LMAO...even cindy sheehan admits the dems authorized bush to invade iraq

*In 2002 the Democrats authorized Bush to invade Iraq *(or any other country he deemed to support terrorism, for example Iran) in hope he would become involved in an unpopular war which would produce a Democratic White House. The Democrats 2007 policy is equally political, and may have the paradoxical effect of producing Republican victories in 2008. 


http://www.bringtheguardhome.org/ne...ocratic_congress_has_betrayed_american_voters


----------



## Iriemon (May 4, 2009)

Yurt said:


> Iriemon said:
> 
> 
> > Yurt said:
> ...



Please don't twist my words around.  

I've never claimed he wasn't authorized.  Congress, including half the Dems, gave him authorization.

That is different than saying that Congress "voted to go in".


----------



## Yurt (May 4, 2009)

so he was authorized to invade iraq

but he wasn't authorized "to go in"

what kind of logic is that?  

he exhausted all means, just because you don't thinks so doesn't mean he didn't.  he had authority to invade and he lawfully followed that authority.  that is a fact.  your opinion on the matter is irrelevent.


----------



## jillian (May 4, 2009)

Iriemon said:


> Please don't twist my words around.
> 
> I've never claimed he wasn't authorized.  Congress, including half the Dems, gave him authorization.
> 
> That is different than saying that Congress "voted to go in".



If one looks at the actual language, instead of the partisan blather of the right, it's easy to see that a) all possible diplomatic efforts through the U.N. were supposed to be made. They weren't.

Bush was also required to REPORT TO CONGRESS before any military action. He didn't do that either. 

http://www.c-span.org/resources/pdf/hjres114.pdf


----------



## jillian (May 4, 2009)

Yurt said:


> so he was authorized to invade iraq
> 
> but he wasn't authorized "to go in"
> 
> ...



what means did he exhaust?

hans blix said the inspections were going fine.

it's YOUR opinion that is irrelevant because it isn't based on fact.

no suprises.


----------



## manu1959 (May 4, 2009)

jillian said:


> Iriemon said:
> 
> 
> > Please don't twist my words around.
> ...



there were 18 un resolutions.....how many should there have been.....

how man un resolution were written before obama decided to send 20,000 troops to afganistan....

did he report to congress before sending those troops....

why are we allowing obama to continue and escalate an "illegal war".....


----------



## jillian (May 4, 2009)

18 resolutions AFTER the language in the authorization?

don't think so.

and if that's what it referred to, then why would continued efforts be a requirment?

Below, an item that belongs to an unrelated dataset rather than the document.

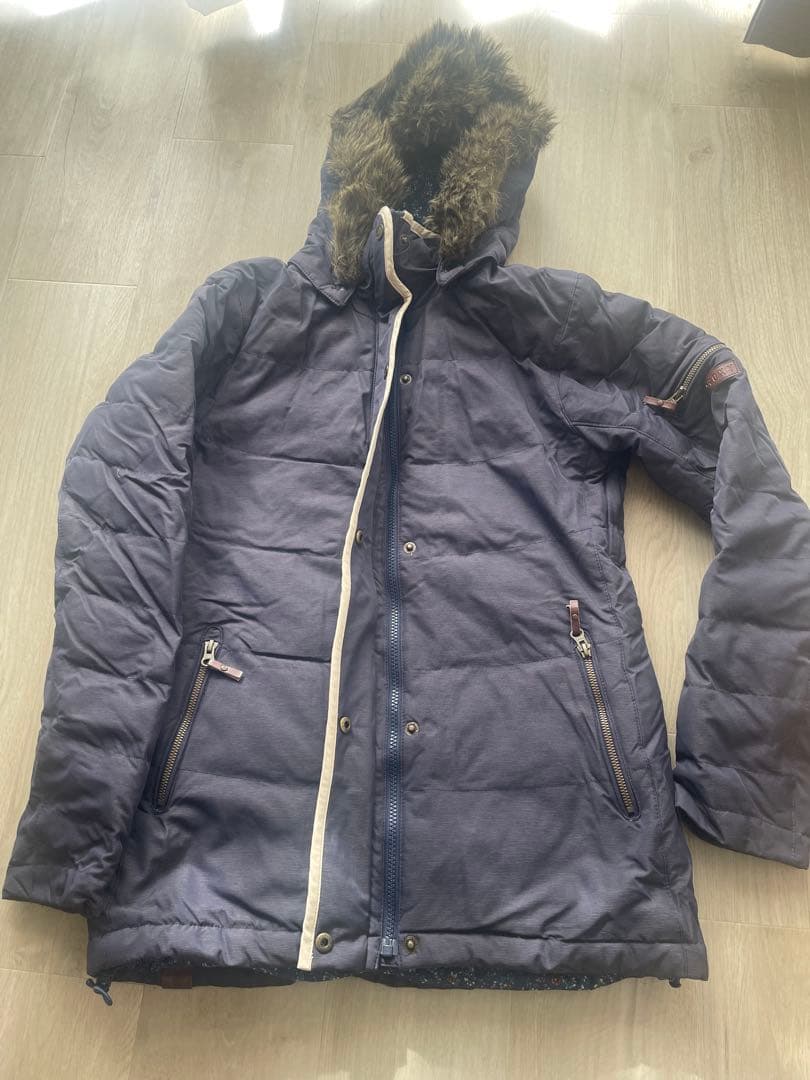 ネイビーのジャケットとオレンジパンツセット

answer.... the inspections were being made. iraq was cooperating.

bush didn't abideby the terms of the authorization.

I didn't say the war was illegal. was that the word I used.

How is Obama escalating the war in Iraq? Troops are being shifted to Afghanistan.... WHERE THEY SHOULD HAVE BEEN IN THE FIRST PLACE.


----------



## Iriemon (May 4, 2009)

Yurt said:


> > Please don't twist my words around.
> >
> > I've never claimed he wasn't authorized. Congress, including half the Dems, gave him authorization.
> >
> ...



It wouldn't be any kind of logic.  Why do you ask?  



> he exhausted all means, just because you don't thinks so doesn't mean he didn't.  he had authority to invade and he lawfully followed that authority.  that is a fact.  your opinion on the matter is irrelevent.



No more irrelevant than yours.


----------



## Tech_Esq (May 4, 2009)

The ground war in the war against terror had to be fought somewhere. If it were not, too many well-trained terrorists would have been available to launch asymmetrical attacks against US targets in and out of the US.

Iraq was a better place than most to have the ground war in this war. It should be apparent be now why Afghanistan was not the right place to do it.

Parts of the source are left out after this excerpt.